In this work, an “optimal” solution for the design of WDS for the University of Kashmir has been proposed to replace the existing and worn-out WDS, which has already served its function for more than 60 years. The design not only includes the modelling of hydraulic parameters such as pressure head and flow velocity, but the components are also designed in such a way that the objective functions of maximum efficiency of hydraulic performance and minimum capital cost in terms of pipe diameters and valves are satisfied. The main highlights of the work indicating the optimal hydraulic design include the following:

• The WDS is designed to have a minimum pressure head of 17 m at each node throughout the 24 h of a day, so that the water can reach up to a minimum of the third floor level of all the buildings. The pressure head at all the nodes in both parts of the network is such that 17 ≤ P_i ≤ 70 (m), indicating the absence of points of deficiency or excess in the pressure head in the network. As such, there is no need to install the pressure sustaining valves (PSV) or the pressure regulating valves (PRV), resulting in a further reduction in the capital cost of the network.

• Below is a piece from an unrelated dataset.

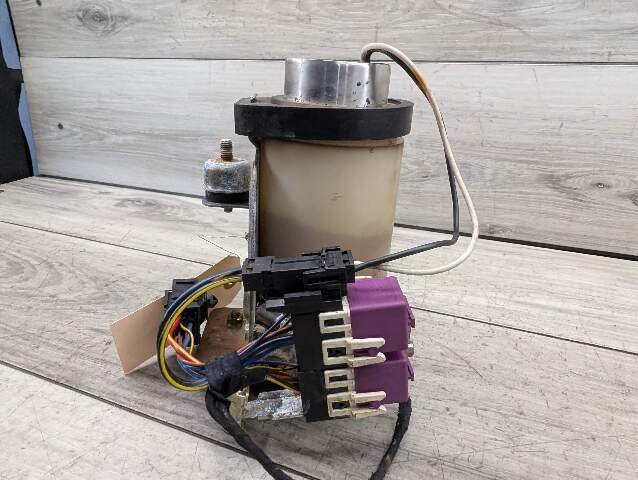 1996 - 2003 BMW Z3 E36 Convertible Pump Motor 8407224 M54B25O0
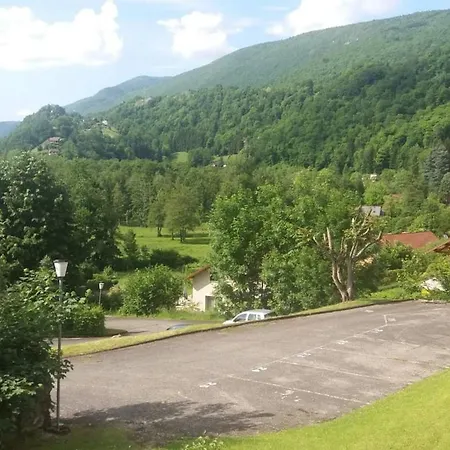 Apartment Appart Au Lac D'Aiguebelette Et Montagne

• The velocity of flow in all the pipes during the hours of maximum discharge is within the standard range of 0.25 ≤ V_i ≤ 3.0 (m/s), such that there is no danger of erosion or deposition during such hours. However, during the few hours of least discharge, the velocity of flow is less than 0.25 m/s in some pipes. Therefore, a scoring arrangement may be provided to remove the depositions, if any.
• The TPIs were evaluated for both parts of the WDS. The performance at peak hour with respect to pressure at nodes is 100%, while the performance with respect to velocity in pipes is 61.5% for WDS part I and 64.5% for WDS part II. The lower values of TPI velocity can be attributed to the lower values of velocity at off-peak hours due to the demand pattern adopted.
• Finally, the cost-optimality of the network was checked by using the Jal-Tantra web system, where the diameter of a few pipes was reduced by a maximum of 50 mm, while it increased by about 25 mm for a few pipes. The difference in the cost of the WDS as per EPANET modelling and that obtained by the Jal-Tantra is negligible, indicating the cost-optimal design of the WDS by EPANET.